Terrence: Yes, for the last 6-7 months I’ve found a niche playing shorthanded limit. Before that I focused on NL cash games, and before that I was mostly a SNG player.
CC: What are the challenges of being successful long-term with what I assume to be a fairly small pool of players (for HU and short-handed limit)?
Terrence: Getting action is a big challenge! On some of the smaller sites, I don’t get any action any more. On the bigger sites, sometimes it’s only the tough players that are sitting, guys that aren’t really worth playing.
CC: You seem to have a network of other players that you are friends with. How important is it to have a support network? How do you use them?
Terrence: It’s sometimes nice to have a few friends who play around the same limits, because then at least you can talk to them and say, “hey, have you ever played this guy?”, “yeah, I think he’s okay but he has this mistake and this hole and this tendency”. Sometimes it’s more like “omg, you’re playing him? Can I buy a piece?”
CC: You cashed twice in last year’s WSOP, but you seem to play tournaments infrequently. First, tell us about your WSOP last year. How many events did you play?
Terrence: I think I played 12 or 13 events last year. I took a loss, overall, but not a huge one. My cashes were a 12th and a 24th, so they can’t be the most exciting cashes ever. The 12th place finish was in the $5000 pot-limit holdem where Johnny Chan won his historic 10th bracelet. I was actually knocked out in 12th by Phil Laak; we got all-in with my QQ against his AK. He won the race making a straight on the river. When we counted off the chips, he had me covered by three chips. I like to think that had I won that hand, I would have gone on to 2nd place like Phil did, making it a Chan vs. Chan final.

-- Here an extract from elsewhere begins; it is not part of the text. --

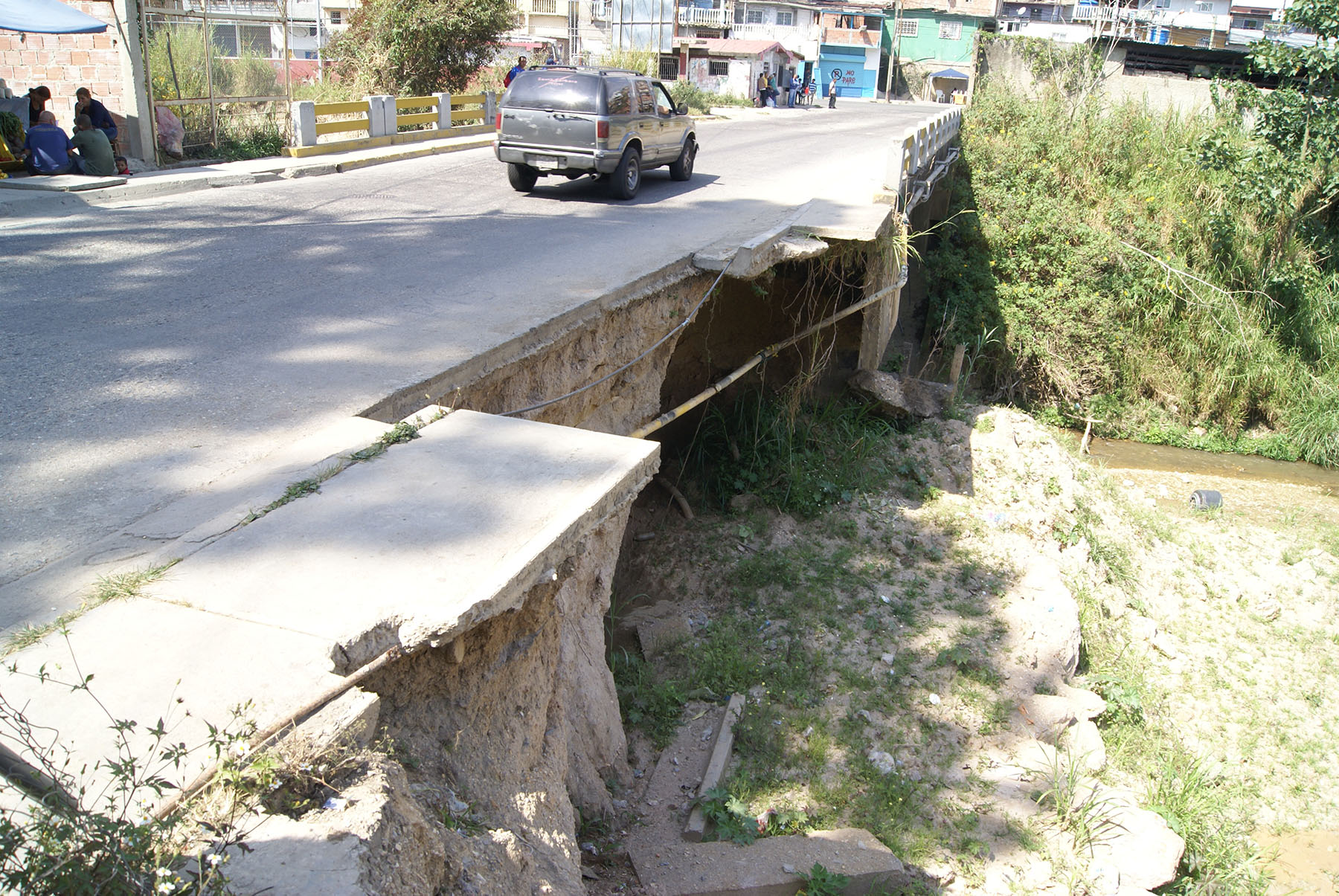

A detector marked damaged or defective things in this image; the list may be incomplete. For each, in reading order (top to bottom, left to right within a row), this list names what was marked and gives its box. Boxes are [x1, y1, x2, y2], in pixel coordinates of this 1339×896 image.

cracked concrete edge [0, 415, 394, 639]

The 24th place was extremely disappointing. It was the $1000 NLHE rebuy event. I came into the second day second in chips. I think I even took over the chip lead at some point during the second day. But once again I wasn’t able to win the critical race; this time it was AJ vs. KQ to take out over half of my stack, and I think AK vs. 99 for the remainder of it.
CC: How did you prepare for the WSOP last year?

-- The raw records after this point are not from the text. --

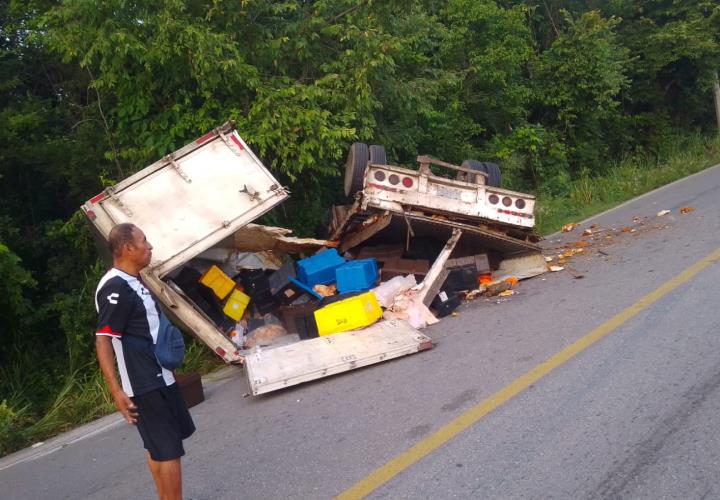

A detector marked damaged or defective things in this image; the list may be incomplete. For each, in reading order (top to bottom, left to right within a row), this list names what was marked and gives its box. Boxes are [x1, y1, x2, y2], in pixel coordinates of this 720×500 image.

overturned truck [83, 122, 544, 394]
damaged truck body [83, 122, 544, 394]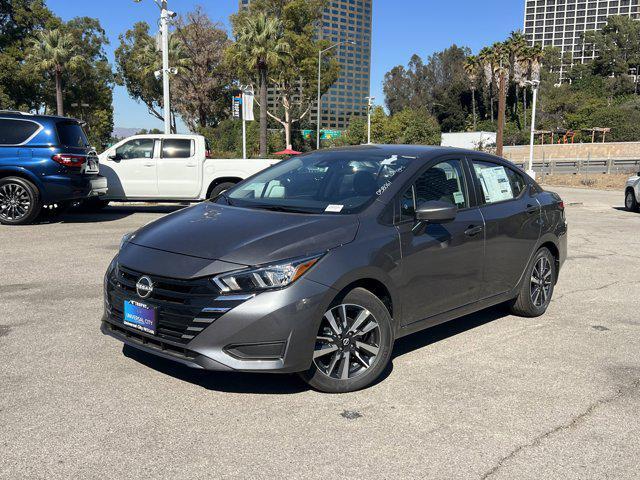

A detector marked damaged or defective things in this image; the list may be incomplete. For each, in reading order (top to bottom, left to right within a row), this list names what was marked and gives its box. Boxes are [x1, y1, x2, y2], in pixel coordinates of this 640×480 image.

asphalt crack [480, 378, 640, 480]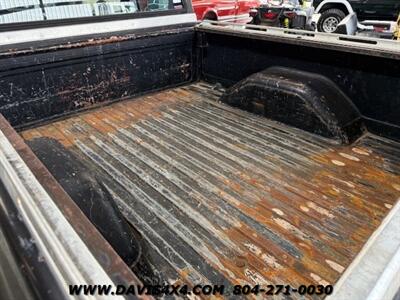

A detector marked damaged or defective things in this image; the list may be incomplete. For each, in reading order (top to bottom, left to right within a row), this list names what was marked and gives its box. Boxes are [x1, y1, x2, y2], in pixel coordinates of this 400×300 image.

Terrence: I didn’t, really. I perhaps should have played more NLHE, but I’ve been running well playing limit and I haven’t had time to play NL. But I think the rust will come off quickly, because for many months I was playing NL ring games day after day.
CC: What are your keys to prepare for a big tournament?
Terrence: Just getting some rest, and feeling good about your self, I suppose. I don’t think a tournament is something you really “cram” for, like a final exam. If you’ve been playing and thinking about the game, then you’re going to be prepared. But it’s not like you can read and memorize the Dan Harrington books (as good as they are), for example, the night before the WSOP starting day and think you will have an edge over the field.
CC: How do you feel your HU expertise impacts your tournament play?
Terrence: Well, it mostly means that if I get down to HU, I’m going to feel better about my chances! I probably won’t make a deal with anyone HU for that reason. On the other hand, at that stage of a tournament, the stacks usually aren’t so deep that any one player has a huge edge. So it’s nice to have, but when both guys only have about 25 BB, either player has a realistic shot of winning.
CC: Tell us about your plan for the WSOP tourneys. Are you setting goals for this year’s World Series?
Terrence: I don’t think it’s realistic to set specific goals. There’s too much variance in tournament poker to say “I want to win X dollars”. And if you set a goal like making cashes or final tables, that goal might distract you from the real goal – winning money. What will I try to do? I guess I’ll try to win every single event I enter. I probably won’t, though.
CC: Finally, how fast have you been able to get your new Porsche on the highway as well as on the Strip?
Terrence: I’m not that stupid. There has to be someone in the Nevada State Highway Patrol who plays poker.